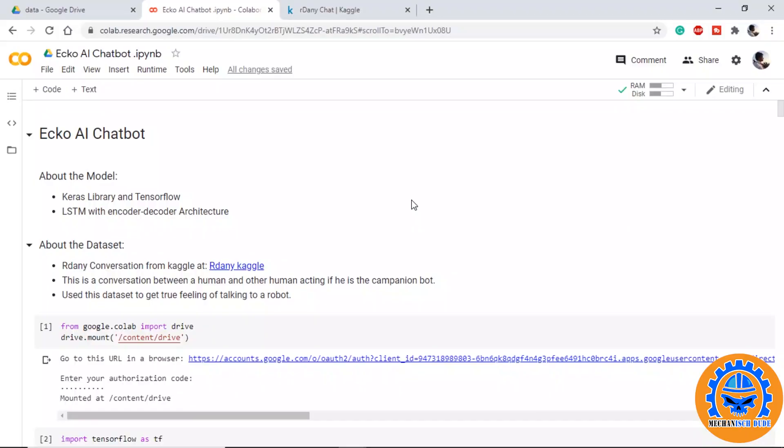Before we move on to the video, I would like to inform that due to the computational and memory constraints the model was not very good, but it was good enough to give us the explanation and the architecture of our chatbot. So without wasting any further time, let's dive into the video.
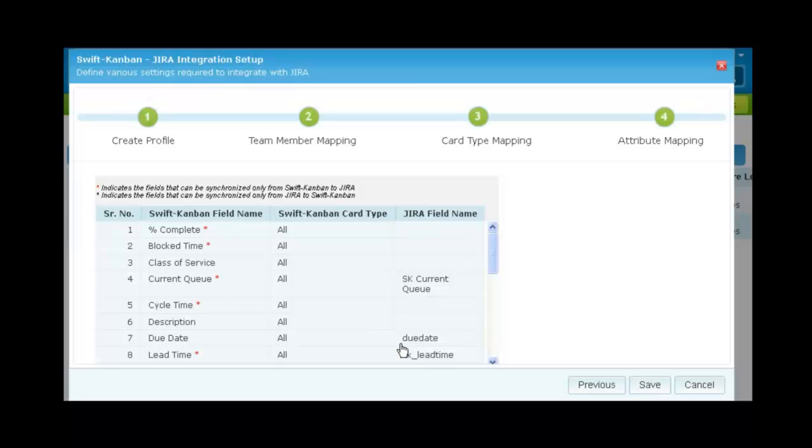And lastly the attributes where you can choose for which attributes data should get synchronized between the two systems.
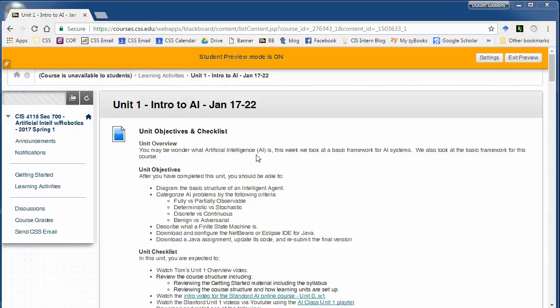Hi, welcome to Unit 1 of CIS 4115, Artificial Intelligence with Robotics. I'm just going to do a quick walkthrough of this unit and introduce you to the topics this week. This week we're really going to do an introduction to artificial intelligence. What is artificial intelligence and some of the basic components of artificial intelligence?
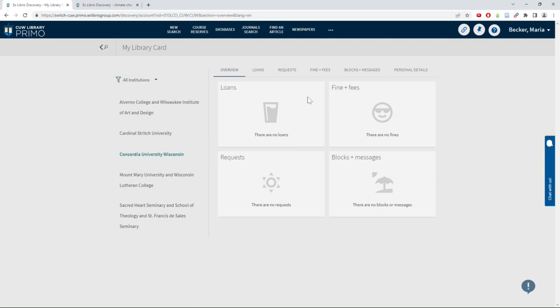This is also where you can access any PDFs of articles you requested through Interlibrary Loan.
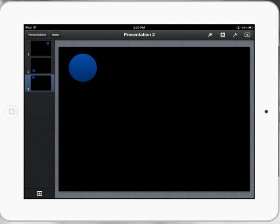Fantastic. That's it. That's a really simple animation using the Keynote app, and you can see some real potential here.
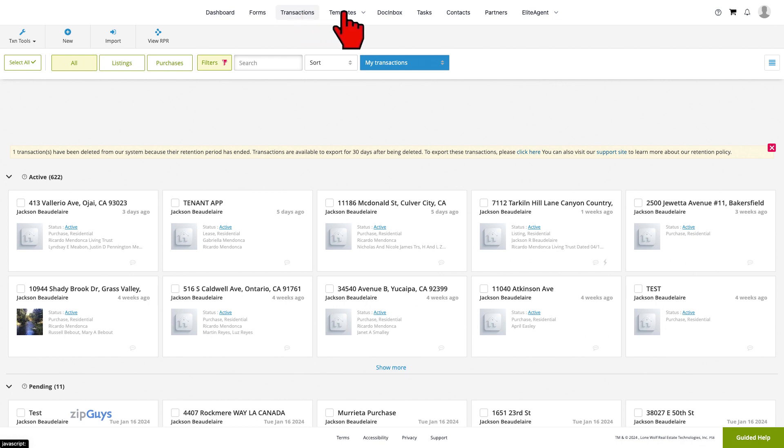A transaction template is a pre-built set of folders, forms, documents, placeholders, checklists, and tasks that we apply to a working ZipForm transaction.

.....

The problem =
Word for word, restate only the lines from the one bearing "This is also" through the final line of the listing, inclusive, with no pictures.

Result of the task =
This is also where you can access any PDFs of articles you requested through Interlibrary Loan.
Fantastic. That's it. That's a really simple animation using the Keynote app, and you can see some real potential here.
A transaction template is a pre-built set of folders, forms, documents, placeholders, checklists, and tasks that we apply to a working ZipForm transaction.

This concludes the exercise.